Appellant Tom Kortkamp was convicted of obstructing access to a parking space designated for physically disabled persons in violation of Minn. Stat. § 169.346, subd. 1 (2000). The district court found him guilty because the undisputed facts demonstrated that Kortkamp's vehicle was partially covering the yellow striped zone painted on the ground adjacent to the designated parking space. Kortkamp appeals from his conviction.
I. Did appellant fail to timely file his brief?
II. Was the statute under which appellant was charged unconstitutionally vague?
III. Was there sufficient evidence to support appellant's conviction?

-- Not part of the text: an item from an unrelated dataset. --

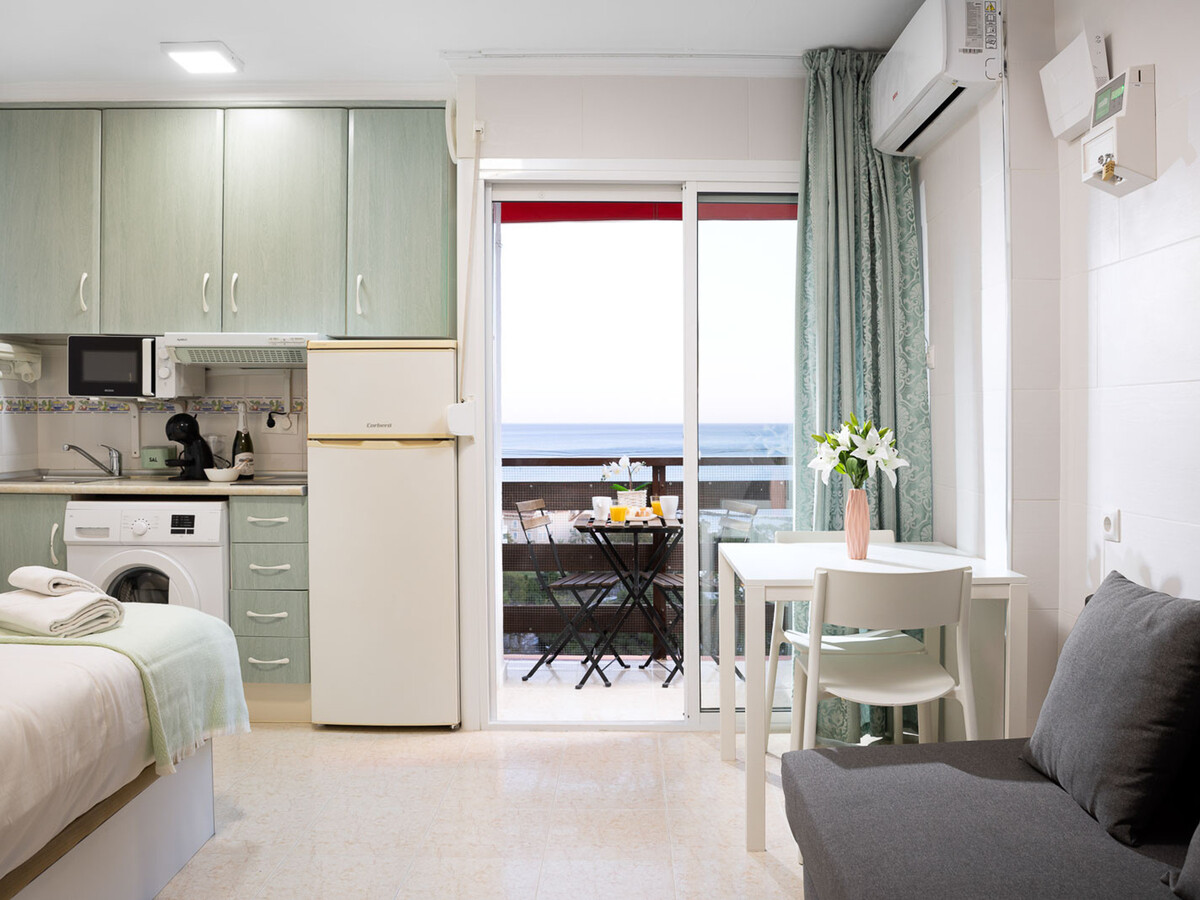 Studio vue mer avec piscine à Benalmádena - Photo 3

I. Timeliness of Appellant's Brief
The state argues that Kortkamp improperly filed his brief pursuant to Minn. R. Crim. P. 28.02, subd. 10, which states that an appellant "shall serve and file the appellant's brief * * * within 60 days after delivery of the transcript." The transcript was delivered on March 12, 2001, and because Kortkamp's brief was filed on May 15, 2001, the state contends that Kortkamp's brief was untimely.

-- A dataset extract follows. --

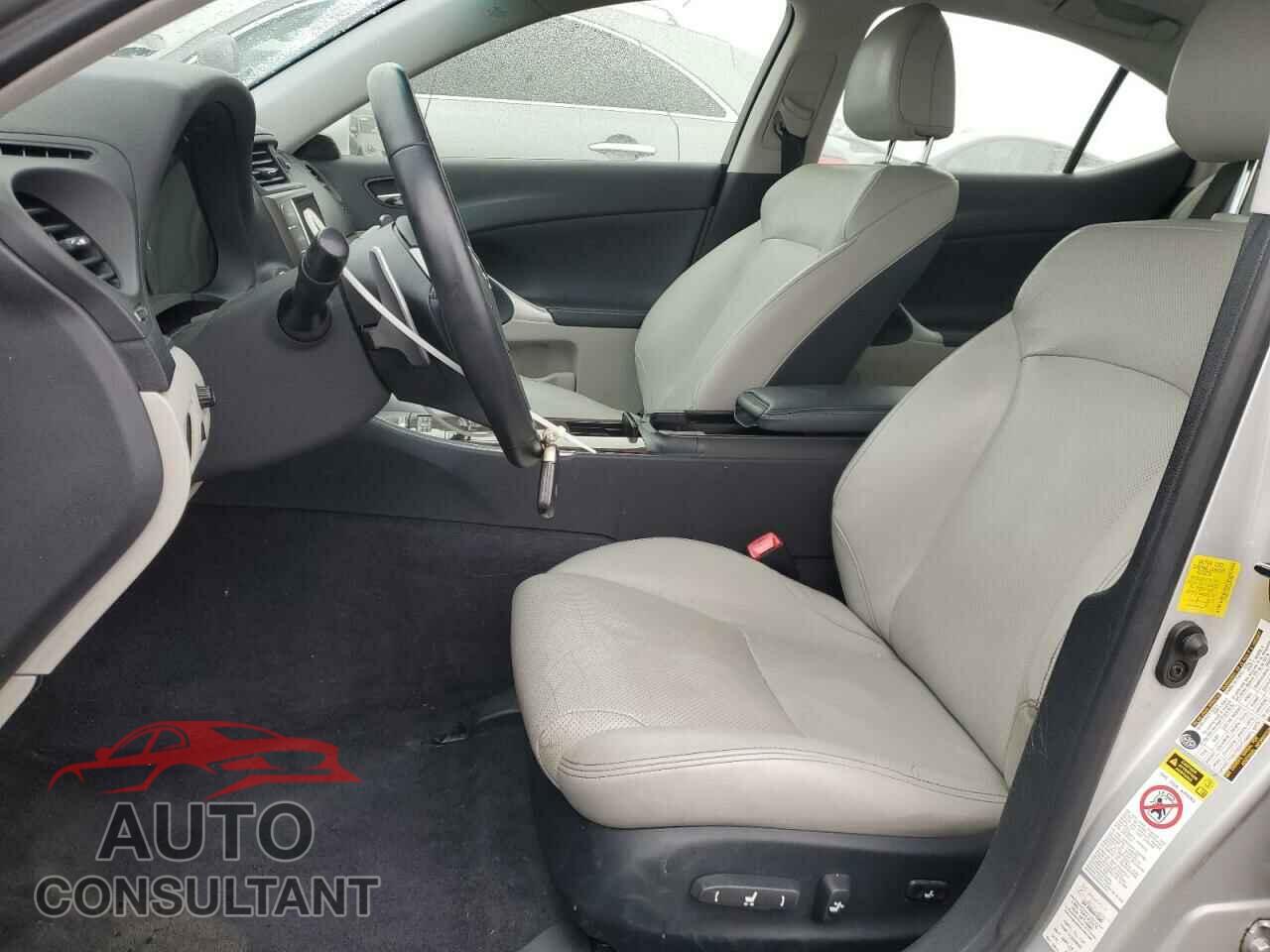 LEXUS IS 2012 - JTHBF5C25C2102208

Initially, it should be noted that the state did not follow proper procedure for challenging the timeliness of Kortkamp's brief. Such issues should normally be raised by motion rather than in a party's brief, and the record does not demonstrate that the state made such a motion. See Sanifill, Inc. v. Kandiyohi County, 559 N.W.2d 111, 114 n.1, (Minn. App. 1997) (stating party's challenge to untimely brief should be brought by motion under Minn. R. Civ. App. P. 127).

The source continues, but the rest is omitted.